* _PROBLEM_:
Your task is to retype, exactly and without pictures, the line holding "So that way" and each line that follows it to the end of the entries.

BEGIN AVAILABLE RECORDS

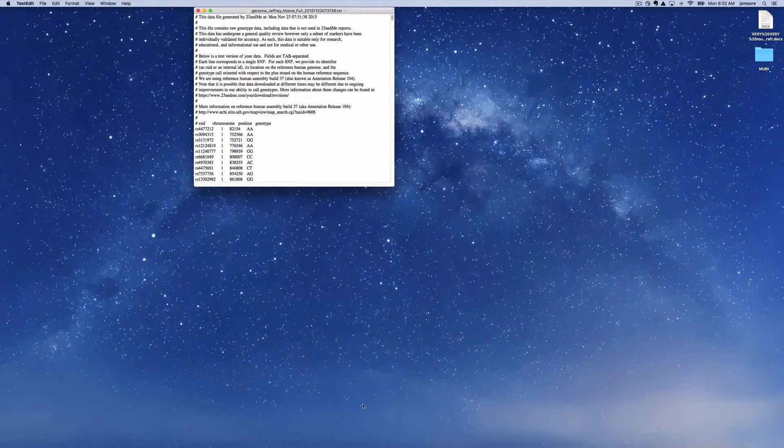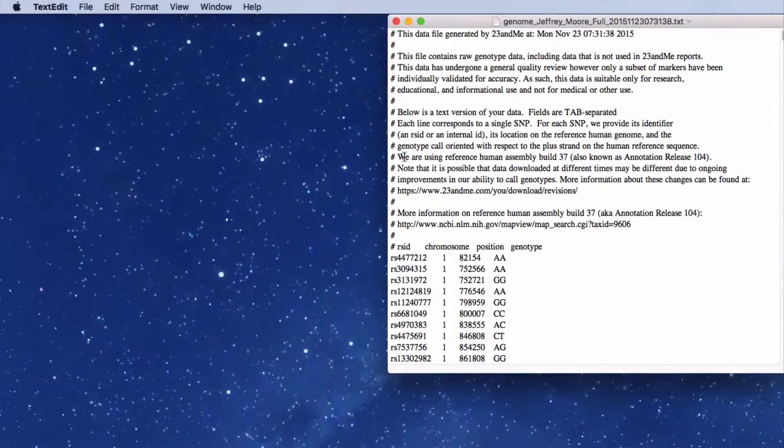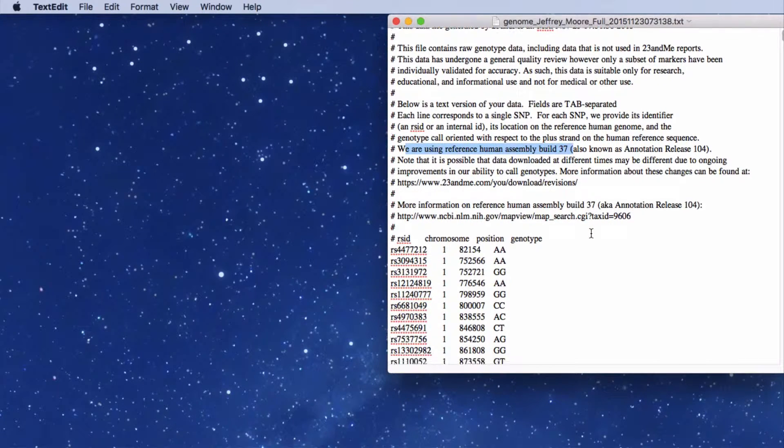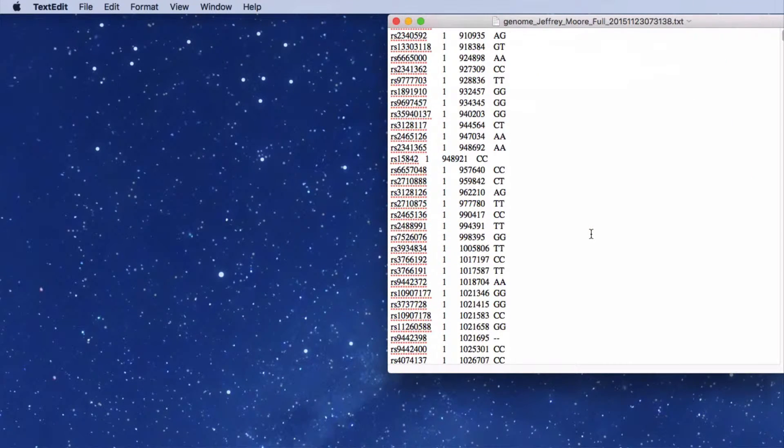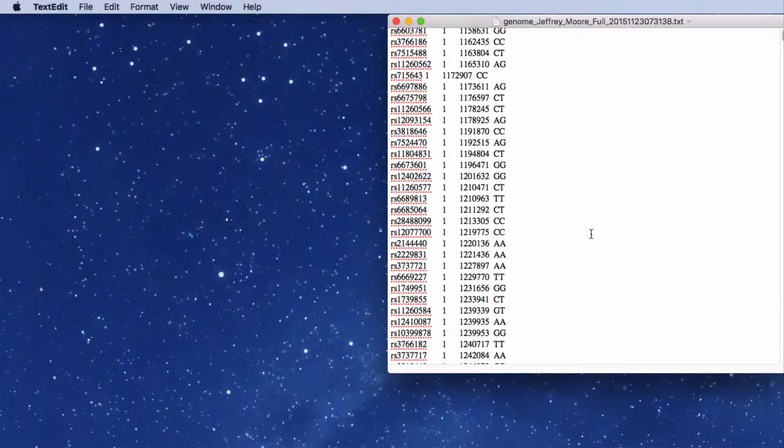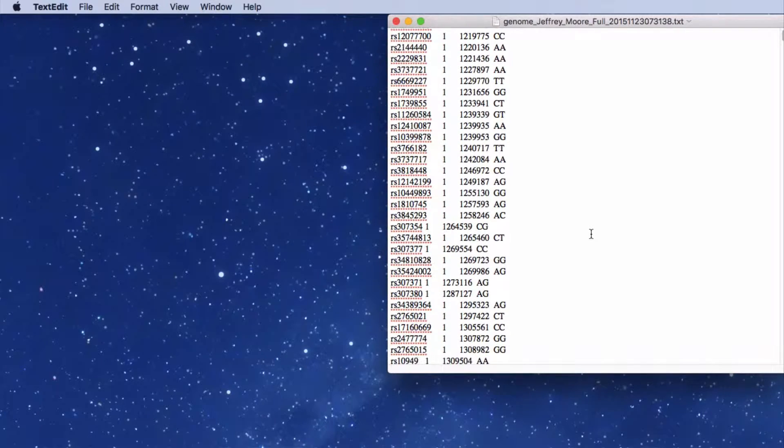A text file appears. Notice the data is referenced to assembly build 37. The file contains thousands of lines of data.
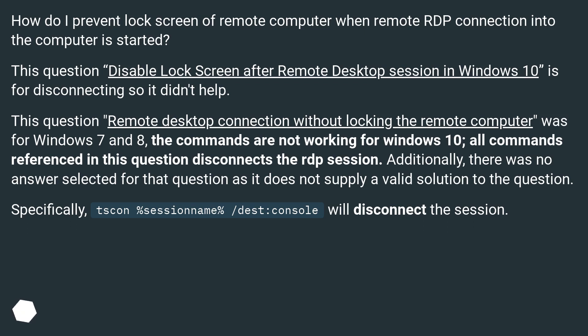Additionally, there was no answer selected for that question as it does not supply a valid solution. Specifically, the command `tscon %sessionname% /dest:console` will disconnect the session.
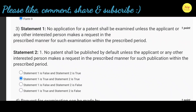Our third question: Statement 1 — no application for a patent shall be examined unless the applicant or any other interested person makes a request in the prescribed manner for such examination within the prescribed period. Statement 2 — no patent shall be published by default unless the applicant or any other interested person makes a request in the prescribed manner for such publication within the prescribed period. Correct option is B: statement 1 is true and statement 2 is also true.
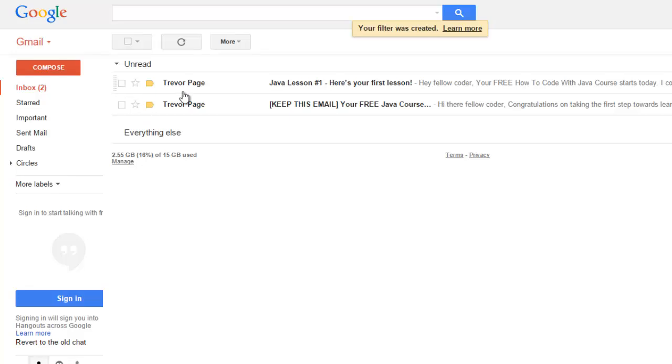So that way it will never send it to spam and it's always going to mark it as important so you will never miss one of the emails from myself and all the great stuff that I'm going to be sending to you in the future.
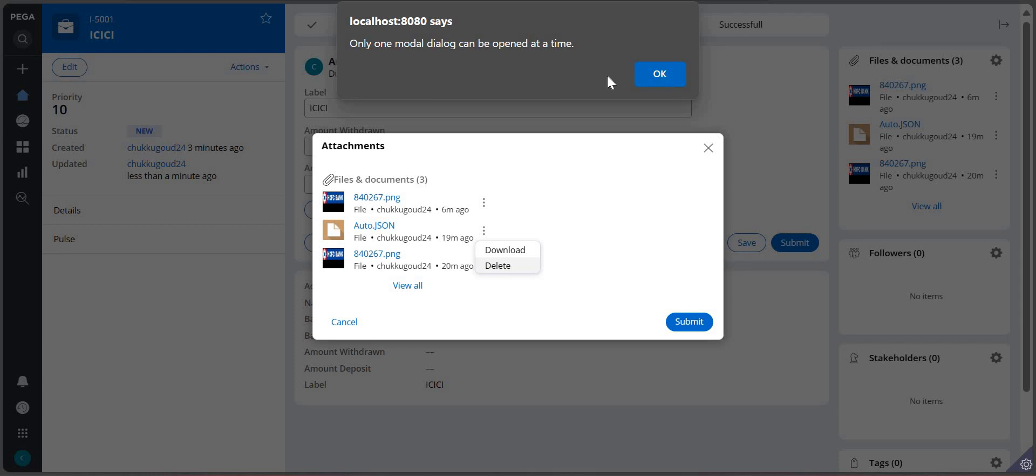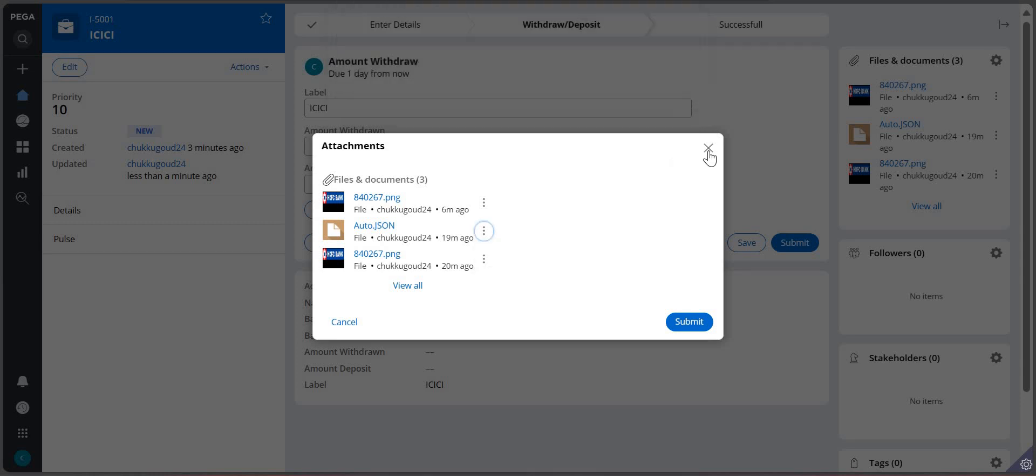So Pega will not support nested modal dialogue. That was one of the interview questions which was asked.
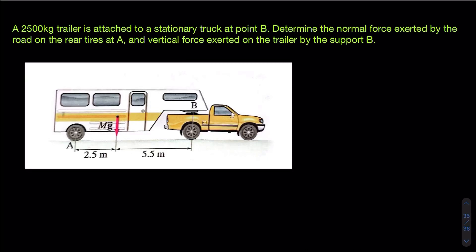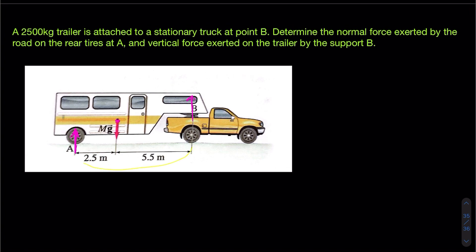Hello everyone. Here is an equilibrium problem. In this problem, a 2500 kilogram trailer is attached to a stationary truck at point B. We are supposed to find the force exerted by the road on the rear tires at A, and also the vertical force exerted on the trailer by the support B.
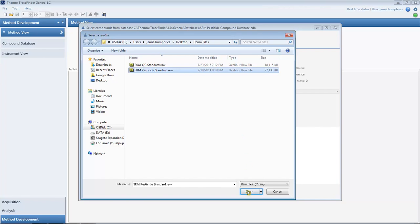This adds retention times, ion ratios, scan filters, and peak shape information. Finally, press add selected compounds to the method and associate the raw file.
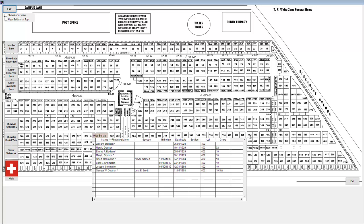By defining the lot coordinates with two simple clicks of the mouse, we tell Cemetery Pro which lot to highlight. If we click on a lot and it tells us the lot has not been defined, we can see instructions on how to add the lot to the coordinates table.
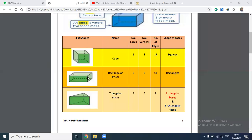Cube and rectangular prism — both of them have the same number of faces, vertices, and edges: twelve edges. What is the difference between the cube and the rectangular prism? The difference is that the rectangular prism has rectangular faces, while the cube's faces are squares.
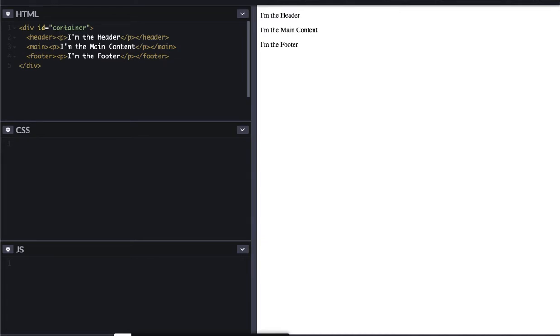So I've got one simple container, and within that container, I've got the header element, the main element, the footer element.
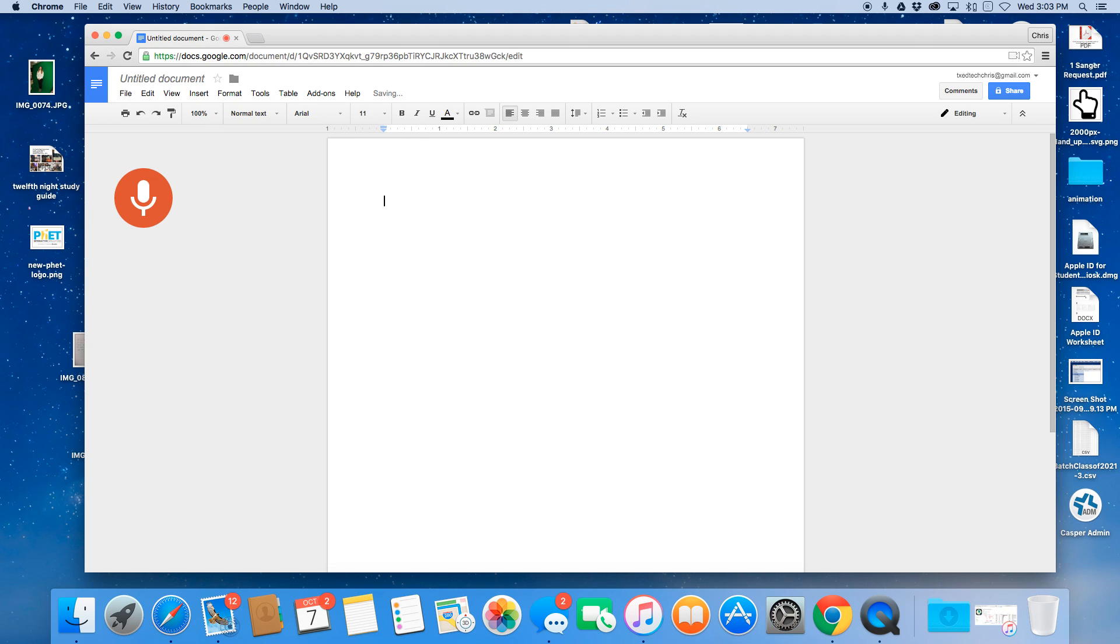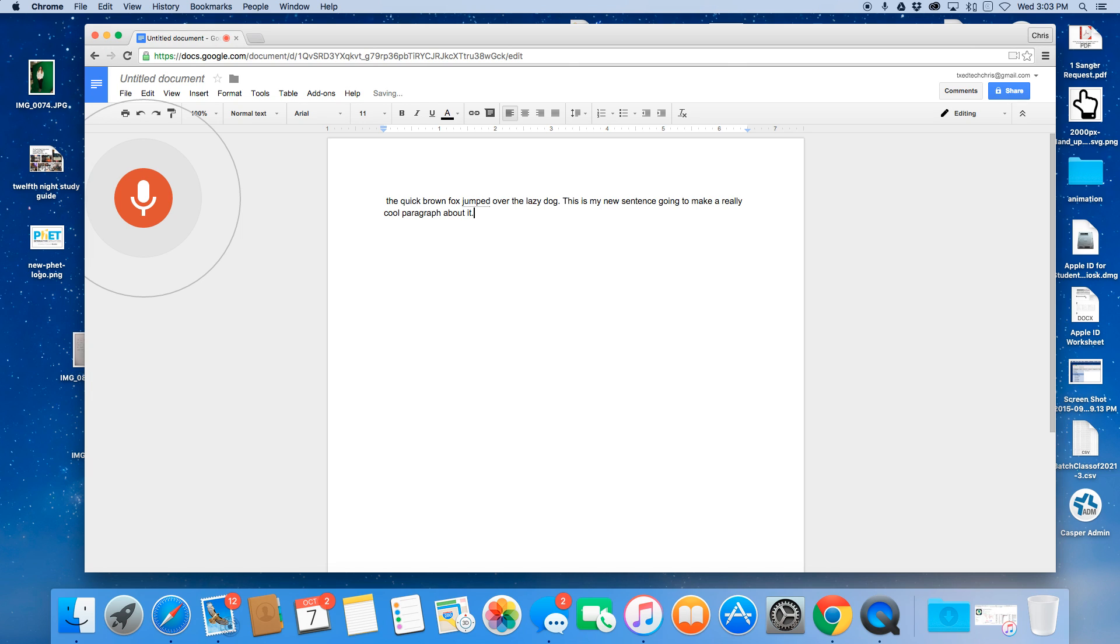The quick brown fox jumped over the lazy dog period. This is my new sentence. I'm going to make a really cool paragraph about it period. Obviously when I speak I may need to do some revising and editing comma, but that's not totally bad period.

END AVAILABLE RECORDS

* _ANSWER TO THIS PROBLEM_:
So that way it will never send it to spam and it's always going to mark it as important so you will never miss one of the emails from myself and all the great stuff that I'm going to be sending to you in the future.
So Pega will not support nested modal dialogue. That was one of the interview questions which was asked.
Hello everyone. Here is an equilibrium problem. In this problem, a 2500 kilogram trailer is attached to a stationary truck at point B. We are supposed to find the force exerted by the road on the rear tires at A, and also the vertical force exerted on the trailer by the support B.
This adds retention times, ion ratios, scan filters, and peak shape information. Finally, press add selected compounds to the method and associate the raw file.
By defining the lot coordinates with two simple clicks of the mouse, we tell Cemetery Pro which lot to highlight. If we click on a lot and it tells us the lot has not been defined, we can see instructions on how to add the lot to the coordinates table.
Cube and rectangular prism — both of them have the same number of faces, vertices, and edges: twelve edges. What is the difference between the cube and the rectangular prism? The difference is that the rectangular prism has rectangular faces, while the cube's faces are squares.
So I've got one simple container, and within that container, I've got the header element, the main element, the footer element.
The quick brown fox jumped over the lazy dog period. This is my new sentence. I'm going to make a really cool paragraph about it period. Obviously when I speak I may need to do some revising and editing comma, but that's not totally bad period.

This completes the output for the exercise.